Each entry is to be printed again word for word.

===

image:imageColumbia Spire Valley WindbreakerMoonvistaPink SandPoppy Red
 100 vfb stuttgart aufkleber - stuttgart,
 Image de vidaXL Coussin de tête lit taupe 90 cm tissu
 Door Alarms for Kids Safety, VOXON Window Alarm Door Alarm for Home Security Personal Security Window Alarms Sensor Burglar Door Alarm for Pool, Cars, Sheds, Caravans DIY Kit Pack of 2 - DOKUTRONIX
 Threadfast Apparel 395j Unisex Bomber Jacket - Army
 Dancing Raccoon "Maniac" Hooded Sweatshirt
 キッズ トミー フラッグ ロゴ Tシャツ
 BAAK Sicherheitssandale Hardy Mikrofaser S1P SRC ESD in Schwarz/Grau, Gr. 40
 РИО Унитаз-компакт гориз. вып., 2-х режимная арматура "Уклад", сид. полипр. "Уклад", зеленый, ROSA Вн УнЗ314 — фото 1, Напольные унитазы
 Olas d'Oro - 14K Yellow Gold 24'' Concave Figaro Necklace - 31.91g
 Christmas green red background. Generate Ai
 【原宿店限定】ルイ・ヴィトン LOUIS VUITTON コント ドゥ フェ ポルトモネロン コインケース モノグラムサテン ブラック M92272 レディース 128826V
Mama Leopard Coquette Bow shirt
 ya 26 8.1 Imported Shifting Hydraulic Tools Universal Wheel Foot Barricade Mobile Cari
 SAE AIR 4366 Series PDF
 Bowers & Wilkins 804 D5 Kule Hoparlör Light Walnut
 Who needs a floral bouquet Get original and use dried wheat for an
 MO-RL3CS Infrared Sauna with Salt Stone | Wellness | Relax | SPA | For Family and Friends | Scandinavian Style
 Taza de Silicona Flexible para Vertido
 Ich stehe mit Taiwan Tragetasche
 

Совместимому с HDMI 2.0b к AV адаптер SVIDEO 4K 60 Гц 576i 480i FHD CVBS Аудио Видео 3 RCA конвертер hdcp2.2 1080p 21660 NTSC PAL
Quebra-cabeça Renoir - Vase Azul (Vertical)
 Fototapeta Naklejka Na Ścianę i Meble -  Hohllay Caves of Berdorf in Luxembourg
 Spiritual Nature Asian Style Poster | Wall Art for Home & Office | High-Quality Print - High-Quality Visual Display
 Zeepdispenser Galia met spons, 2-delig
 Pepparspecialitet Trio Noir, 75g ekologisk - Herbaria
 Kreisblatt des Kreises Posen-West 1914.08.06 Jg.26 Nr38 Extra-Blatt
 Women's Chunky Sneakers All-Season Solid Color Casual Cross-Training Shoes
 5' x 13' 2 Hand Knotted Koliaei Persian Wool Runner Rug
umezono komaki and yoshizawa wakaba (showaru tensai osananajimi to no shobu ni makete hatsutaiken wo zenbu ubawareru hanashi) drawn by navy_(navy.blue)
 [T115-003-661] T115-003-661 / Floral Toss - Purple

===

RESULT BELOW:
image:imageColumbia Spire Valley WindbreakerMoonvistaPink SandPoppy Red
 100 vfb stuttgart aufkleber - stuttgart,
 Image de vidaXL Coussin de tête lit taupe 90 cm tissu
 Door Alarms for Kids Safety, VOXON Window Alarm Door Alarm for Home Security Personal Security Window Alarms Sensor Burglar Door Alarm for Pool, Cars, Sheds, Caravans DIY Kit Pack of 2 - DOKUTRONIX
 Threadfast Apparel 395j Unisex Bomber Jacket - Army
 Dancing Raccoon "Maniac" Hooded Sweatshirt
 キッズ トミー フラッグ ロゴ Tシャツ
 BAAK Sicherheitssandale Hardy Mikrofaser S1P SRC ESD in Schwarz/Grau, Gr. 40
 РИО Унитаз-компакт гориз. вып., 2-х режимная арматура "Уклад", сид. полипр. "Уклад", зеленый, ROSA Вн УнЗ314 — фото 1, Напольные унитазы
 Olas d'Oro - 14K Yellow Gold 24'' Concave Figaro Necklace - 31.91g
 Christmas green red background. Generate Ai
 【原宿店限定】ルイ・ヴィトン LOUIS VUITTON コント ドゥ フェ ポルトモネロン コインケース モノグラムサテン ブラック M92272 レディース 128826V
Mama Leopard Coquette Bow shirt
 ya 26 8.1 Imported Shifting Hydraulic Tools Universal Wheel Foot Barricade Mobile Cari
 SAE AIR 4366 Series PDF
 Bowers & Wilkins 804 D5 Kule Hoparlör Light Walnut
 Who needs a floral bouquet Get original and use dried wheat for an
 MO-RL3CS Infrared Sauna with Salt Stone | Wellness | Relax | SPA | For Family and Friends | Scandinavian Style
 Taza de Silicona Flexible para Vertido
 Ich stehe mit Taiwan Tragetasche
 

Совместимому с HDMI 2.0b к AV адаптер SVIDEO 4K 60 Гц 576i 480i FHD CVBS Аудио Видео 3 RCA конвертер hdcp2.2 1080p 21660 NTSC PAL
Quebra-cabeça Renoir - Vase Azul (Vertical)
 Fototapeta Naklejka Na Ścianę i Meble -  Hohllay Caves of Berdorf in Luxembourg
 Spiritual Nature Asian Style Poster | Wall Art for Home & Office | High-Quality Print - High-Quality Visual Display
 Zeepdispenser Galia met spons, 2-delig
 Pepparspecialitet Trio Noir, 75g ekologisk - Herbaria
 Kreisblatt des Kreises Posen-West 1914.08.06 Jg.26 Nr38 Extra-Blatt
 Women's Chunky Sneakers All-Season Solid Color Casual Cross-Training Shoes
 5' x 13' 2 Hand Knotted Koliaei Persian Wool Runner Rug
umezono komaki and yoshizawa wakaba (showaru tensai osananajimi to no shobu ni makete hatsutaiken wo zenbu ubawareru hanashi) drawn by navy_(navy.blue)
 [T115-003-661] T115-003-661 / Floral Toss - Purple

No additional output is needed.